C2PA Explainer

1. Introduction

The development of this Explainer is ongoing. This Explainer accompanies the C2PA Specifications for Content Credentials with the intent of providing further background and clarification on the development of the standard, its goals, mechanisms and guidelines.

This Explainer is not a technical document and is directed towards the general public.

2. Goals and Non-goals

The goal of the C2PA Specifications for Content Credentials is to tackle the extraordinary challenge of trusting media in a context of rapidly evolving technology and the democratization of powerful creation and editing techniques. To this end, the specifications are designed to enable global, opt-in, adoption of digital provenance techniques through the creation of a rich ecosystem of digital provenance enabled applications for a wide range of individuals and organizations while meeting appropriate security and privacy requirements, as well as human rights considerations.

It is important to highlight that Content Credentials do not provide value judgments about whether a given set of provenance data is 'true', but instead merely whether the provenance information can be verified as associated with the underlying asset, correctly formed, and free from tampering.

3. Fundamentals (FAQs)

3.1. Provenance

3.1.1. What does "Provenance" mean with Content Credentials?

Provenance generally refers to the facts about the history of a piece of digital content assets (image, video, audio recording, document). Content Credentials enables the authors of provenance data to securely bind statements of provenance data to instances of content using their unique credentials. These provenance statements are called assertions in a Content Credential. They may include assertions about who created the content and how, when, and where it was created. They may also include assertions about when and how it was edited throughout its life. The content author, and publisher (if authoring provenance data) always has control over whether to include provenance data as well as what assertions are included, such as whether to include identifying information (in order to allow for anonymous or pseudonymous assets). Included assertions can be removed in later edits without invalidating or removing all of the included provenance data in a process called redaction.

3.1.2. What does it mean that provenance data is cryptographically bound to the asset?

The provenance data and the asset are the two parts of the same puzzle - a unique puzzle. The possibility of any other pieces ever matching, either by coincidence or by a purposeful attempt to generate a match, is so low that it would be practically impossible. In other words, any alteration to either the asset or the provenance, however insignificant, would alter the mathematical algorithm - the shape of the piece of the puzzle - in such a way that they would no longer match.

We refer to this as a hard binding. For more technical information on this see "hard binding" in the glossary and the non-normative guidance.

3.1.3. Can Content Credentials help with assets created from multiple sources?

When one asset is created from a series of other assets, those sources are referred to as the ingredients.

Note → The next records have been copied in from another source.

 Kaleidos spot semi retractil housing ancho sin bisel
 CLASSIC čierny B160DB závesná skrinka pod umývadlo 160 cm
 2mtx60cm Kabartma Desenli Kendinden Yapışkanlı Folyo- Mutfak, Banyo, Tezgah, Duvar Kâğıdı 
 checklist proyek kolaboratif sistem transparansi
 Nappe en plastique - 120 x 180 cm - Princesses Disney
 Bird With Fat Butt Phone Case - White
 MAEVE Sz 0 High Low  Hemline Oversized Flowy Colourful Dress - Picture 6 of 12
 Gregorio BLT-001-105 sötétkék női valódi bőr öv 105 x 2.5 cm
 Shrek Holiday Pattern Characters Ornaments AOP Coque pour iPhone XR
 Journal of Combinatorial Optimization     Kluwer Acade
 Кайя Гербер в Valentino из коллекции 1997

Each ingredient that is used in the (composed) asset is recorded in that asset’s provenance, including the addition of the provenance of each individual ingredient. This process creates a chain of provenance that can stretch all the way back to each ingredient’s creation.

3.1.4. What is redaction and how does it work?

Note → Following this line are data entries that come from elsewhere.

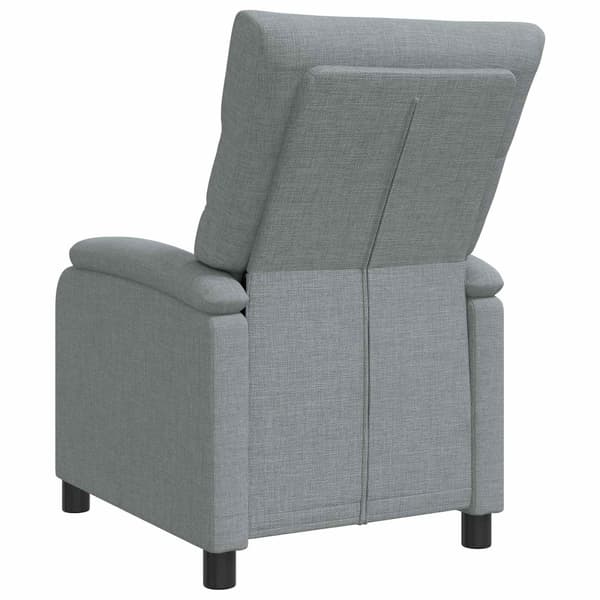 Recliner Ljusgrå Tyg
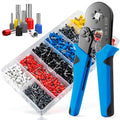 LUNEY 1250PCS Wire Ferrules Crimping Tool Kit for AWG 23-7(0.25-10mm²)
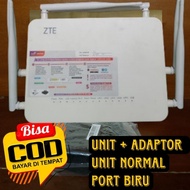 CAN PAY ON DELIVERY ZTE 5G PREMIUM F670 PORT biru + ADAPTOR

Redaction is the process of permanently removing information. In the world of Content Credentials it specifically refers to removing assertions.

For example, if a human rights organization wishes to remove assertions about the photographer from an image, it can do so via the redaction process. The act of redaction (and the optional inclusion of a reason for that redaction) becomes part of the provenance of the asset.

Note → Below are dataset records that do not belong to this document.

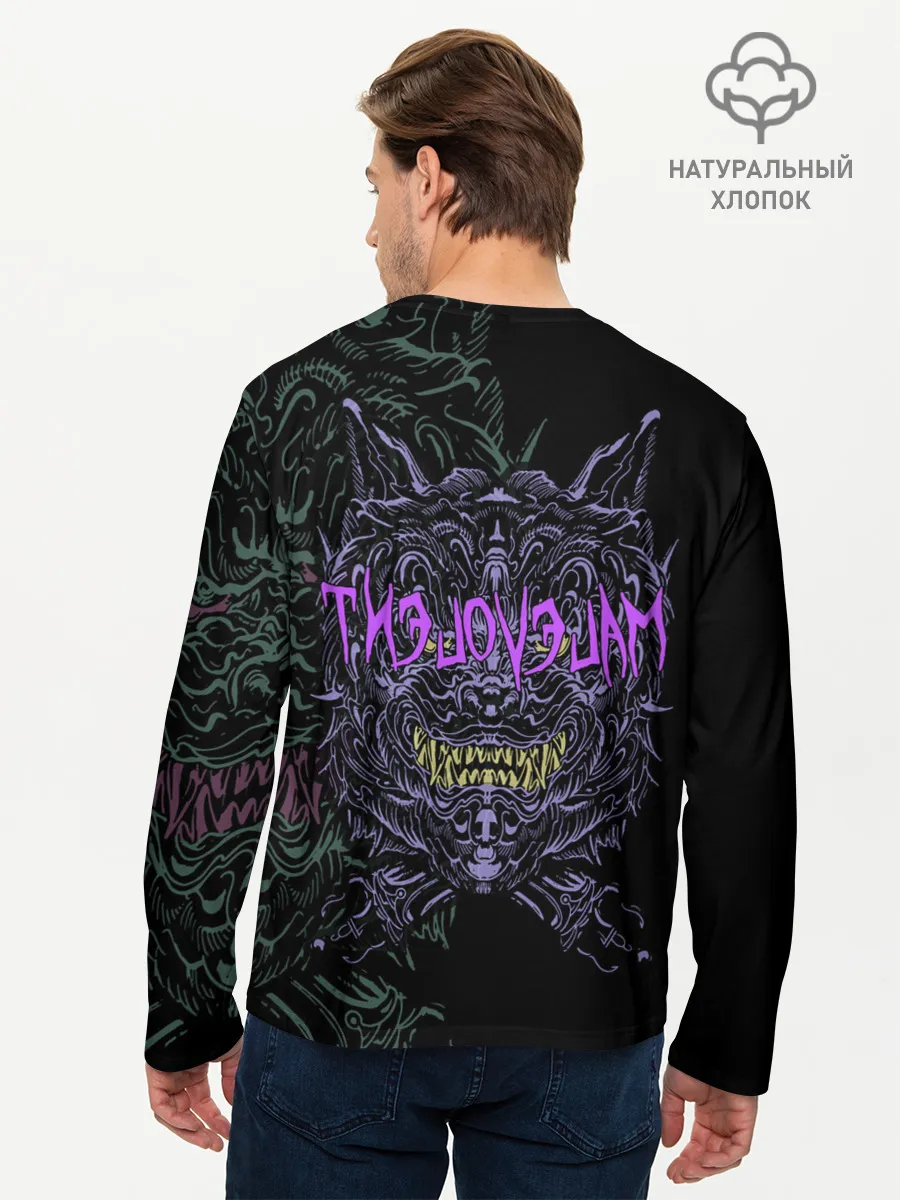 Мужской лонгслив базовый / MALEVOLENT / ANGRY DOG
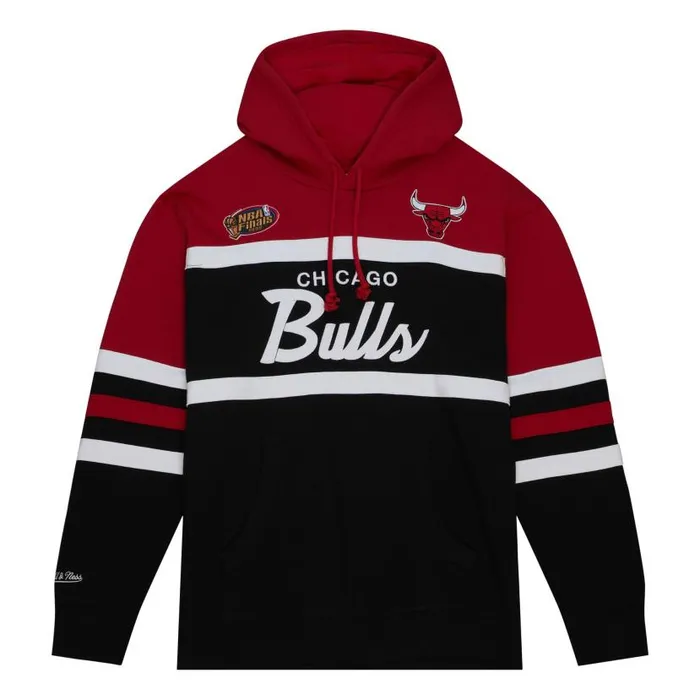 Hoodies and Sweatshirts Men Mitchell and Ness Head Coach Hoodie Chicago Bulls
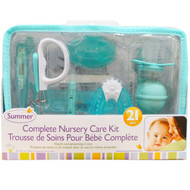 Summer Infant, Complete Nursery Care Kit, Blue, 21 Pieces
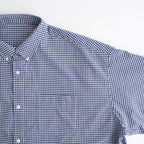 DRY OXFORD CORPORATE S/S B.D SHIRT #NAVY PLAID [FSC262-50043B]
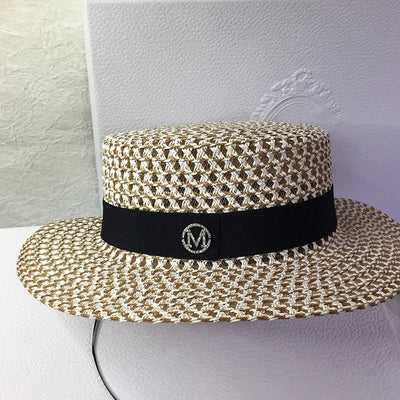 Women's Spring and Summer Top Hats Seaside Sunscreens Beach Sunhats Korean Vacation Casual Flat Hats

3.1.5. Is provenance always complete?

No. Provenance is not always complete. It may happen that an asset is modified in a way that the provenance data is not updated. For example, if an asset is cropped using a non-Content Credentials aware tool, the provenance data may not be updated to reflect that action. However, if the asset is then brought back into a Content Credentials-aware tool for additional modification or preparation for publication, the actor responsible for signing the new Content Credentials also implicitly attests to the crop action. So even though there is missing provenance information, the asset can still be trusted based on the signer of the active Content Credential.

3.2. Trust

3.2.1. How is trust in digital assets established?

With Content Credentials, trust decisions are made by the consumer of the asset based on the identity of the actor(s) who signed the provenance data along with the information in the assertions contained in the provenance. This signing takes place at each significant moment in an asset’s life (e.g., creation, editing, etc.) through the use of the actor’s unique credentials and ensures that the provenance data remains cryptographically bound to the newly created or updated asset.

To enable consumers to make informed decisions about the provenance of an asset, and prevent unknown attackers from impersonating others, it is critical that each application and ecosystem reliably identify the actor to whom a signing credential (also known as a digital certificate) is issued. A certification authority (CA) performs this real-world due diligence to ensure signing credentials are only issued to actors who are whom they claim to be.

In the world wide web, CAs verify that someone requesting a certificate to operate a secure web site owns and/or controls the site’s domain name before issuing such a credential. For example, before issuing a certificate for https://c2pa.org/, the CA verified the requester did in fact control C2PA’s domain name before issuing a certificate for that site name. Unlike the world wide web, Content Credentials will be used in multiple different application settings, and each setting will have its own requirements. Each application will therefore provide users with one or more trust lists, which are lists of certification authorities that issue signing credentials for that application.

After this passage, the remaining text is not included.